Preparing Your Garden for Spring: 5 Tips for a Beautiful Season

By Celia Cooksey

by Celia Cooksey

With a cup of tea or coffee to warm you as you move about your yard, noticing what needs to be done and what winter has wrought does not have to feel like a chore.  As temperatures begin to rise in spring, it is time to check in on the plants in your yard, or “garden” as we’ll call it. 

If left to its own devices, your garden will soon be careening its way toward full summer bloom and beyond — nature is really good at that. You will feel more ready for what comes next, however, and you will likely enjoy the summer season much more when you’ve helped to prepare the way. Here are some tips to get your garden ready for spring.

 

START by taking a walk:  

As you move around your garden, one of the main things to assess is what damage the winter may have brought. After heavy ice or winds, you may have broken tree branches to deal with, and frost may have damaged leaves or branches that will need removing. 
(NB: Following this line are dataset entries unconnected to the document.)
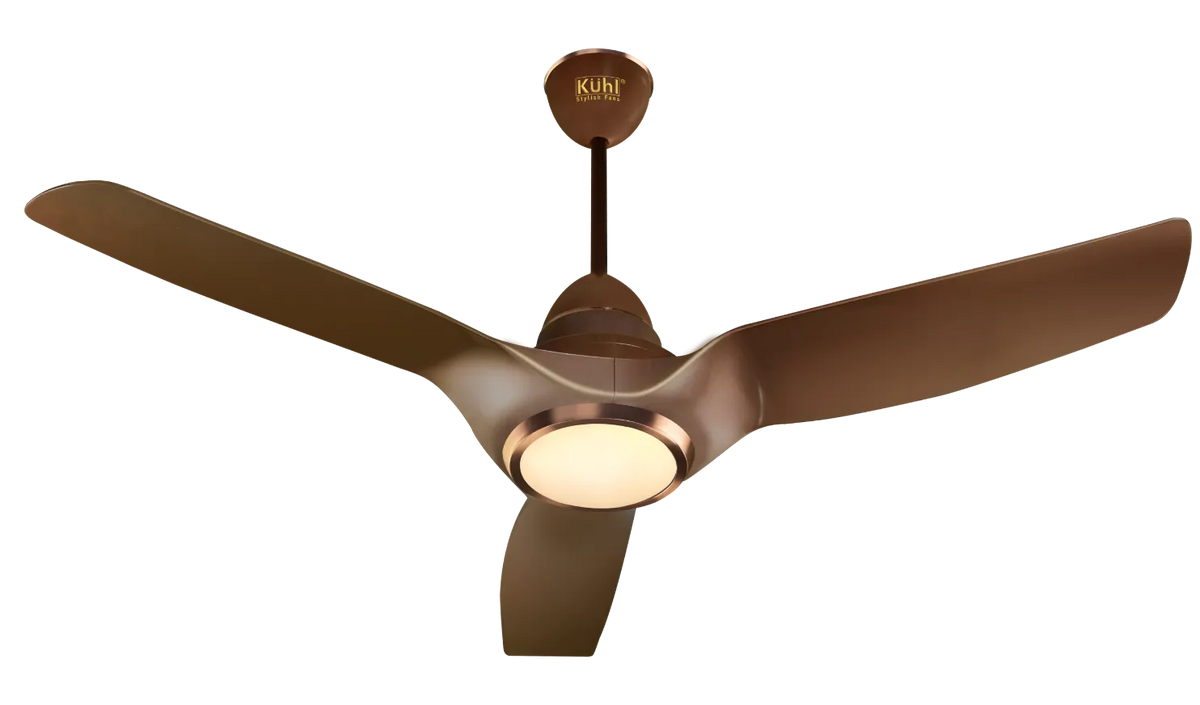Kühl Meridian M1 BLDC Ceiling Fan 1200mm | 5 Star Energy Saving Fan | Downlight | Remote Control | Reverse Mode | Silent 3 Blade Fan | 225 CMM Airflow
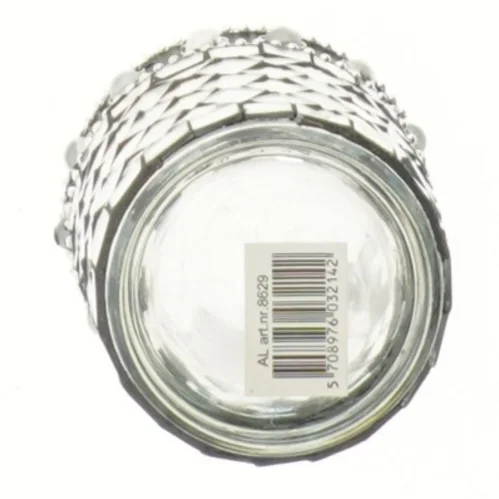 Dekorativ lysestage med spejldesign (str. 8,5 cm)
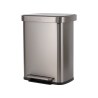 Estia Κάδος Απορριμμάτων Flatop Soft Close 50Lt Ματ Ινοξ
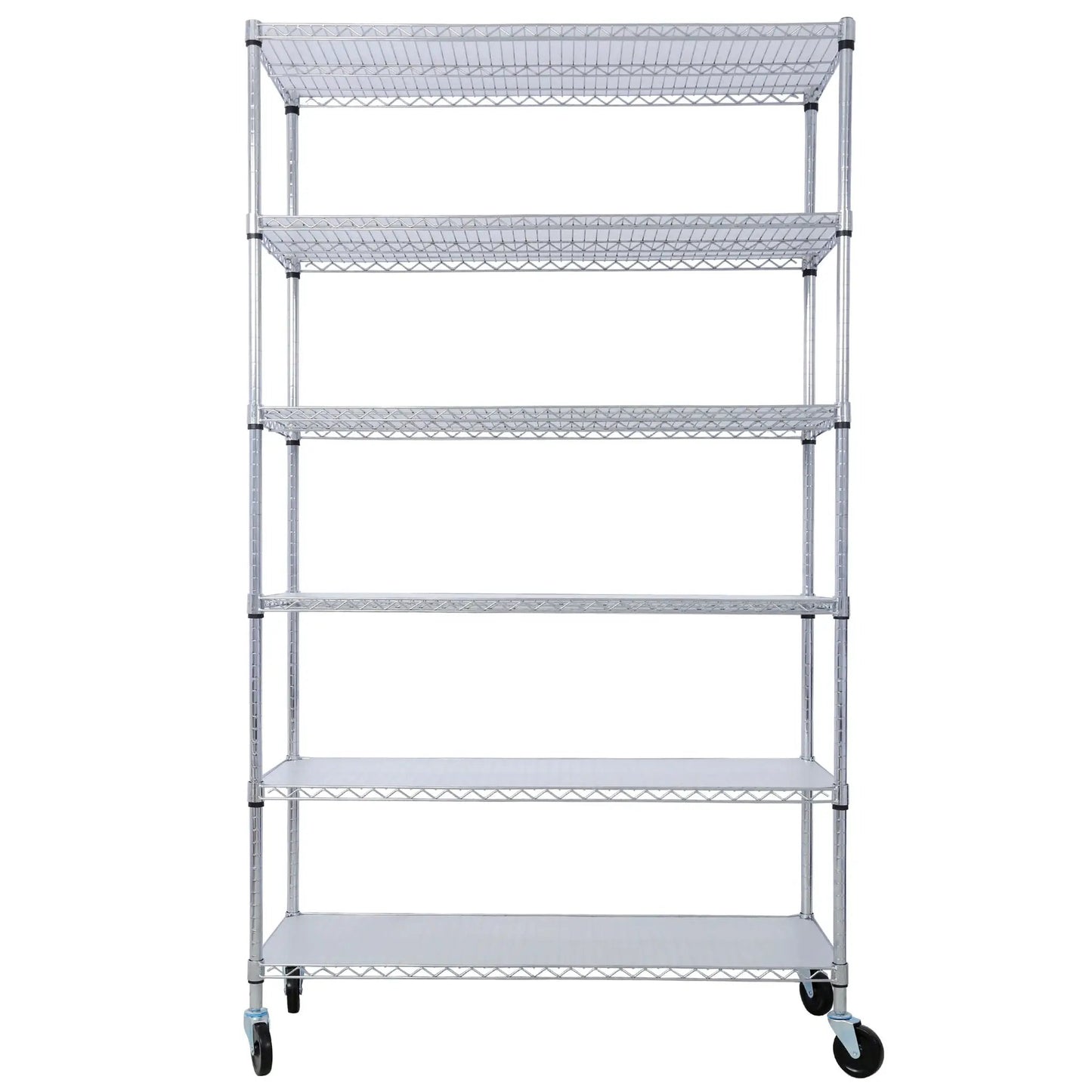 6 Tier NSF Metal Wire Shelving Unit for Storage
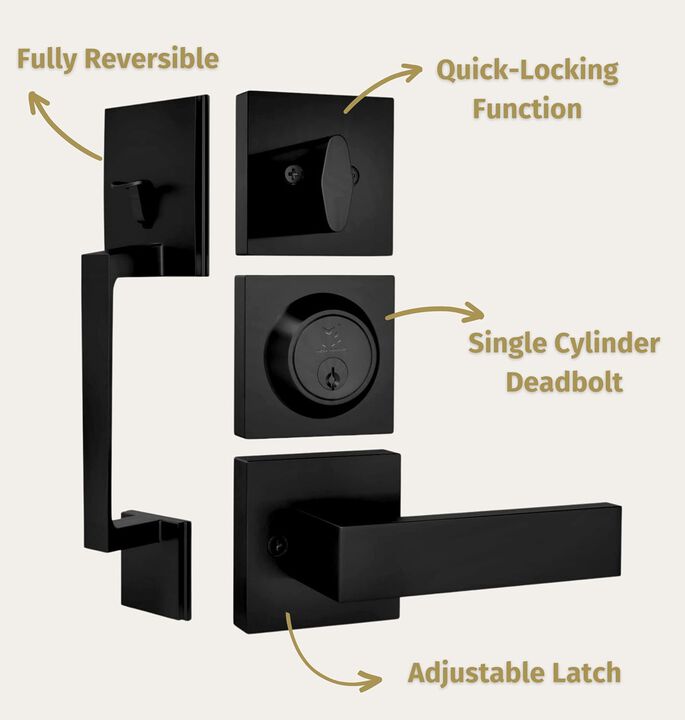 Mega Handles | Tobelle Square Handleset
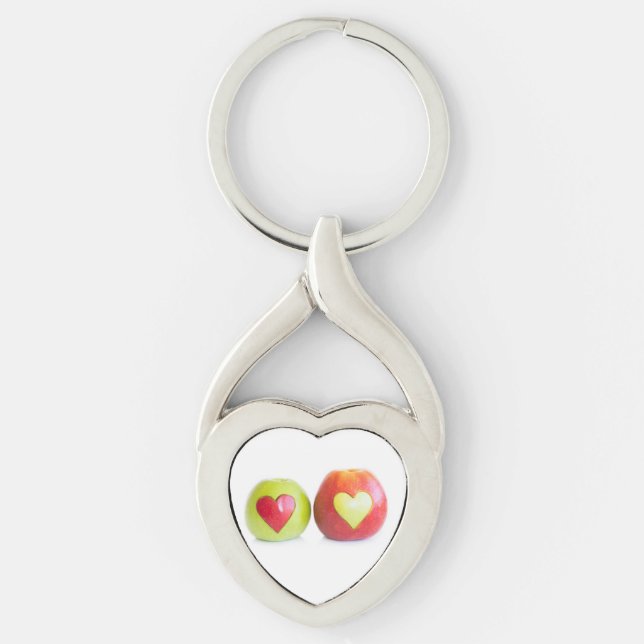 Two hearts One love Key Ring (Front)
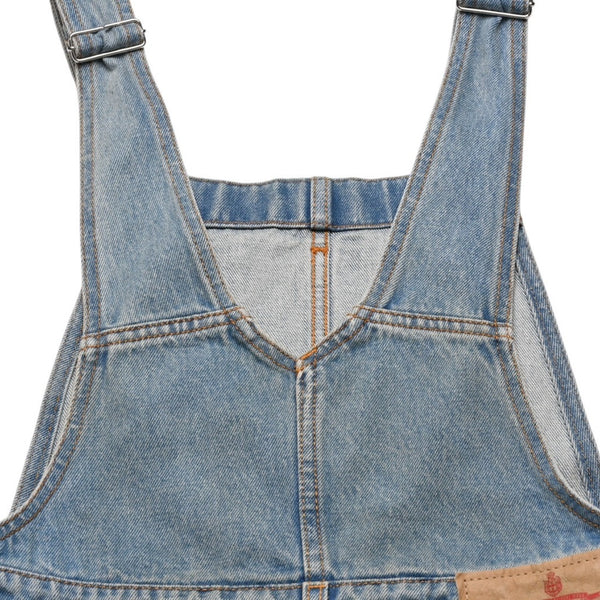 極美品 PRADA プラダ トライアングルロゴ Denim デニム ジャンパースカート オーバーオール GFA132 中古 4a002559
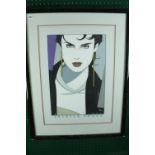 Patrick Nagel (1945 ? 1984), Framed and mounted print signed in Pencil and dated 1983. 61 x 80cm.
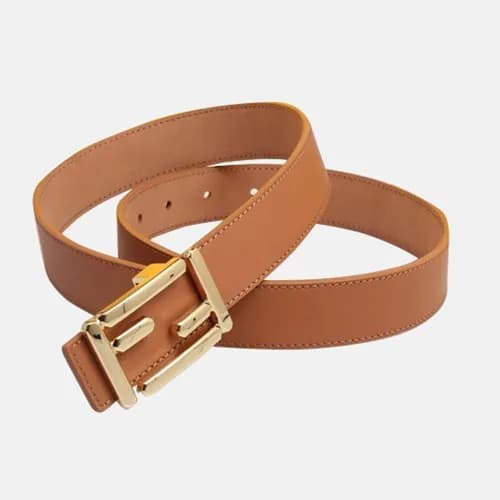 Fendi 2019 Mens Baguette Double "F" Antique Buckle… - 1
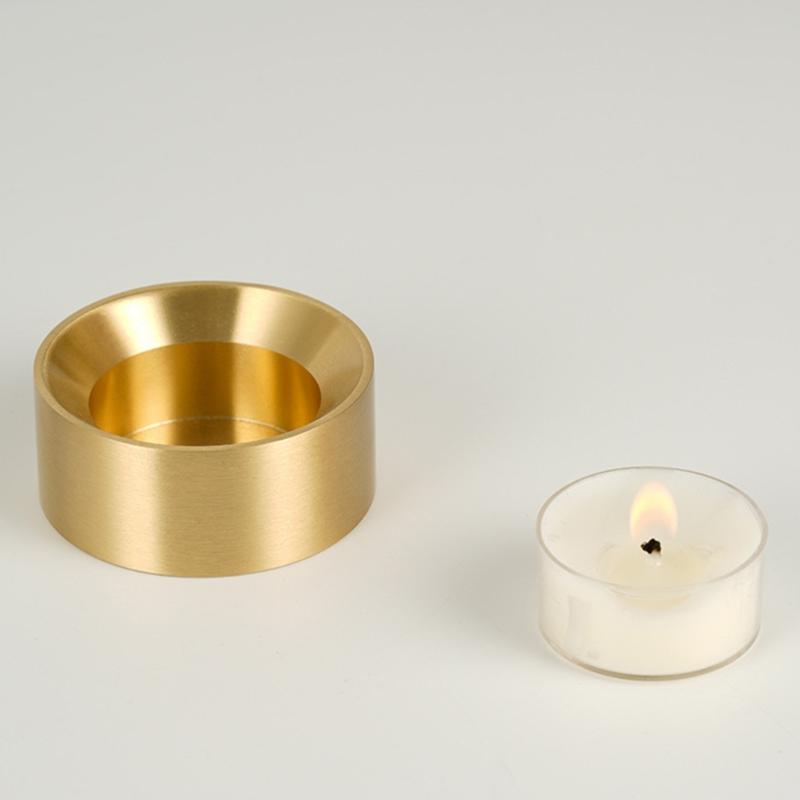 Candlesticks Candle Holder Brass Retro Golden Candle Holder Home Decorations Candlesticks Room Metal Stand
Take notes as you walk to remind yourself of what needs doing on the next sunny weekend — or perhaps even more helpful is taking pictures as you walk, while you dictate into your Notes app of choice. Use your camera a lot, as having the images along with your notes can be helpful. Your future self, wandering the garden center, will thank you as you are better able to remember what you actually need. 

 

REPAIR or REPLACE things: 

As you move around your garden early in the season, you will want to take an inventory for possible future tasks: 

  • Do you have any tools that need fixing or replacing? 
  • Is the outdoor furniture still functional and sound? Are new cushions called for, if chairs or benches are part of your outdoor areas?
  • Are walkways still safe and walkable?
  • Do any water features need maintenance? 
  • Are your bird feeders in need of cleaning?

 

REMOVE some things:  

When your garden is still mostly asleep, so to speak, it can be hard for a less experienced gardener to know which brown things are about to burst into a riot of color, and which are about to be compost. 

Things that need removing are often mushy, when soft inner plant structures have burst after being frozen — or they are brittle, breaking easily with no green life left inside. (Please note that the top or even most of a plant may be mushy or brittle and need removing, but sometimes the roots are preparing to push out new shoots soon — so, remove less if you’re not very sure what the rest will do, as you can always take out more later, if it’s still not growing at all by summer.)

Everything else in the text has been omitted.